> [PROBLEM STATEMENT]
Nothing but an exact copy is asked for: the lines in the material below from the one with "The basic definition" through the one with "We also provide", pictures excluded.
====
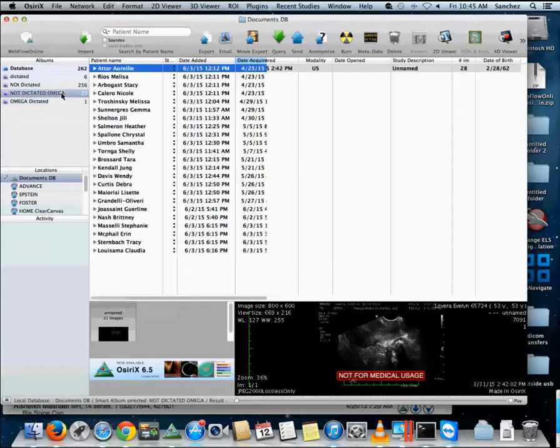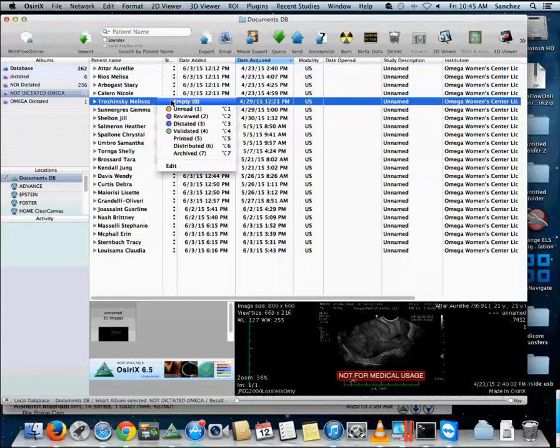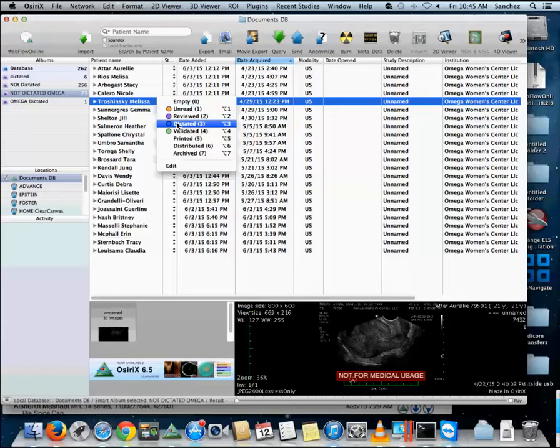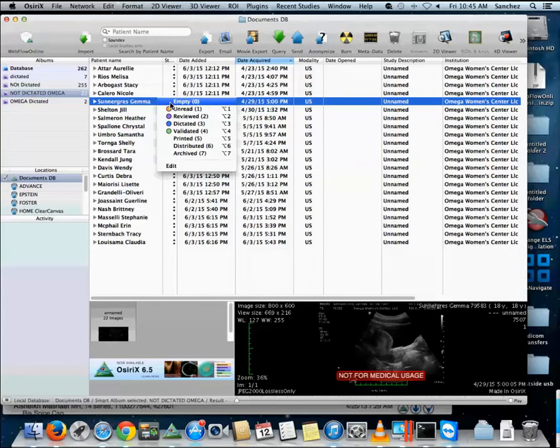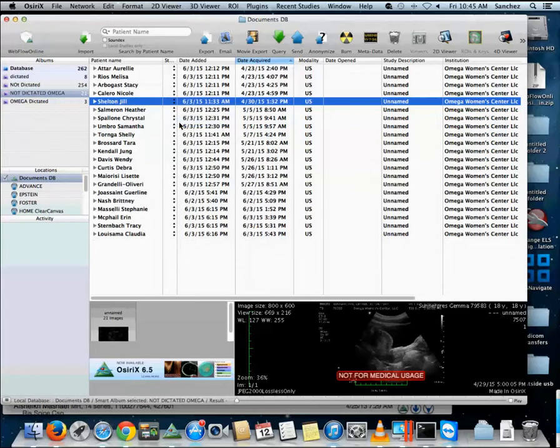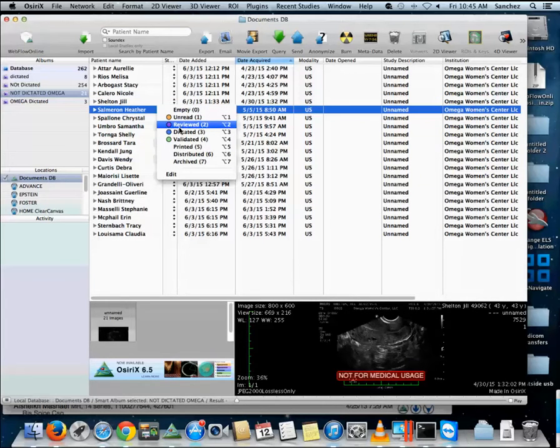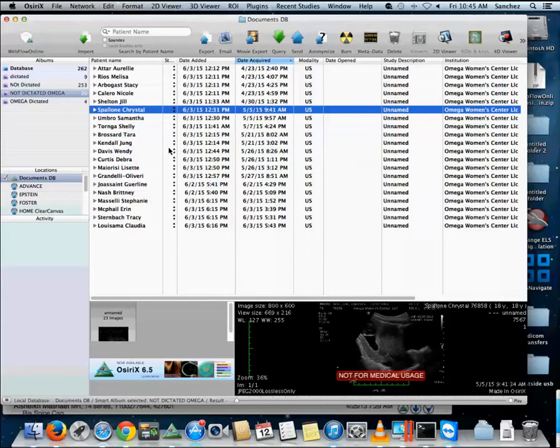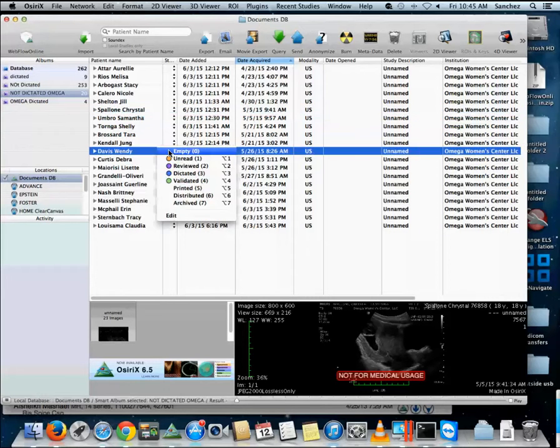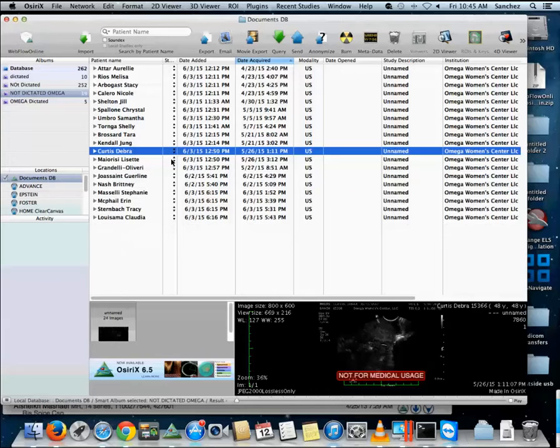So basically as I'm looking at this smart album, if I mark one of these studies dictated—the number's 23 right now—the number will then become 22. As you can see I can keep doing this and the studies will continue to disappear from this list. So the user basically works off a list like this, and as he dictates them he marks them dictated. The number count will go down and that's how he knows what studies he's read and what he has not read.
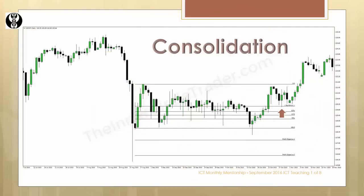Here we see a range defined specifically by the bodies of the candles, not the wicks. Price moves out in an expansive manner and then comes right back down to the equilibrium price point and then expands to the outside.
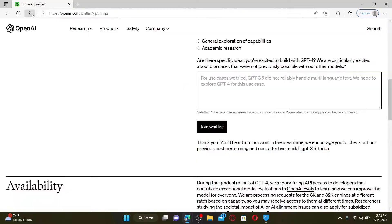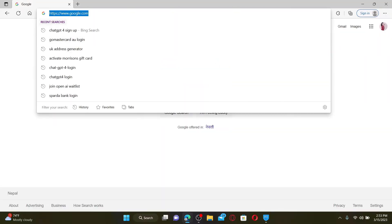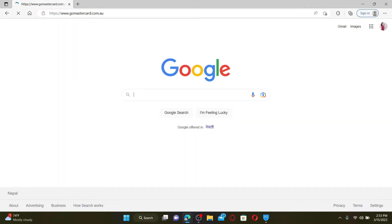Open up a web browser to get started. In the URL box, type in gomastercard.com.au and press Enter on your keyboard. Go Mastercard is a type of credit card offered by Latitude Financial Service in Australia. It is a low-rate credit card that offers a range of features and benefits, including interest-free periods on purchases and 24/7 customer service.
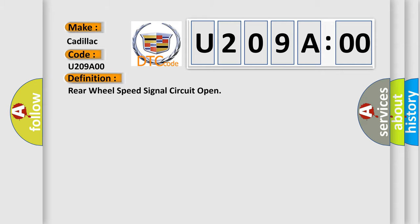The basic definition is: Rear wheel speed signal circuit open.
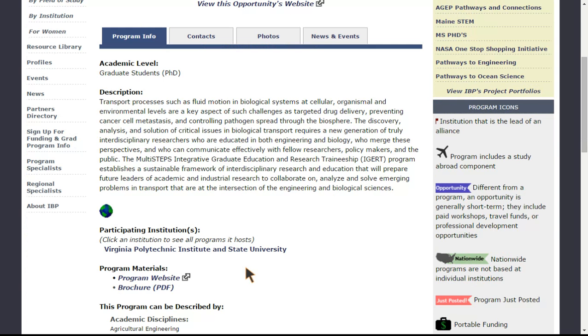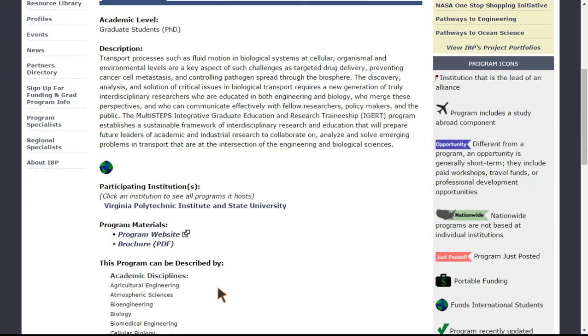We also provide any given program materials and direct links to the program websites. Be sure to pay attention to any program information and program icons that may appear.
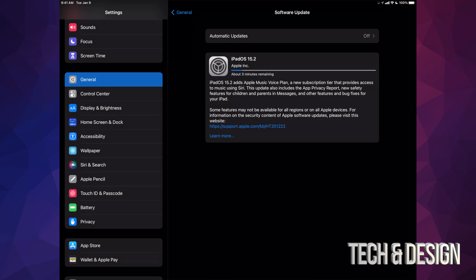Now as mentioned, if you run out of space in iCloud, you can always use your computer. You can always hook up your iPad to your Mac and use Finder to make that backup, or on PC you guys can use iTunes.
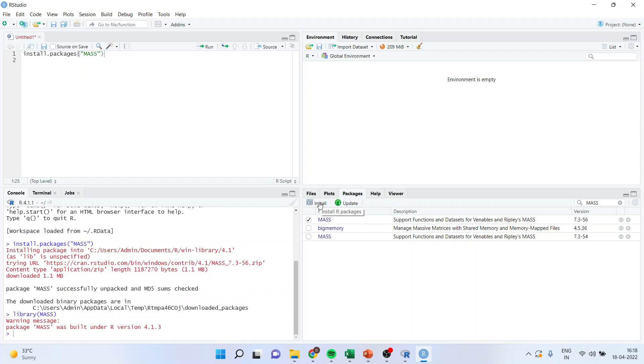For updating any package, I will just check the box and update it. Make sure that while we are installing the package, your internet connection is on. So thank you all, this is all about installing packages in R.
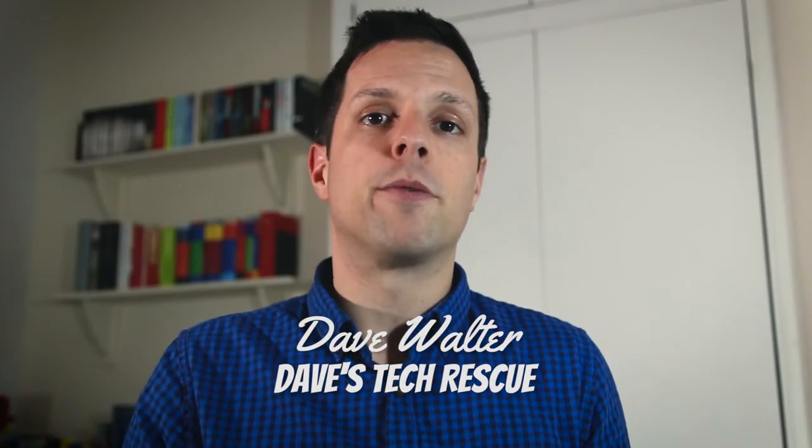This is Dave's Tech Rescue, where I solve your problems with computers, internet and technology. If you have a question you'd like to ask me, leave it in the comments below and I'll do my best to answer it.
====
> [TASK OUTPUT]
The basic definition is: Rear wheel speed signal circuit open.
We also provide any given program materials and direct links to the program websites. Be sure to pay attention to any program information and program icons that may appear.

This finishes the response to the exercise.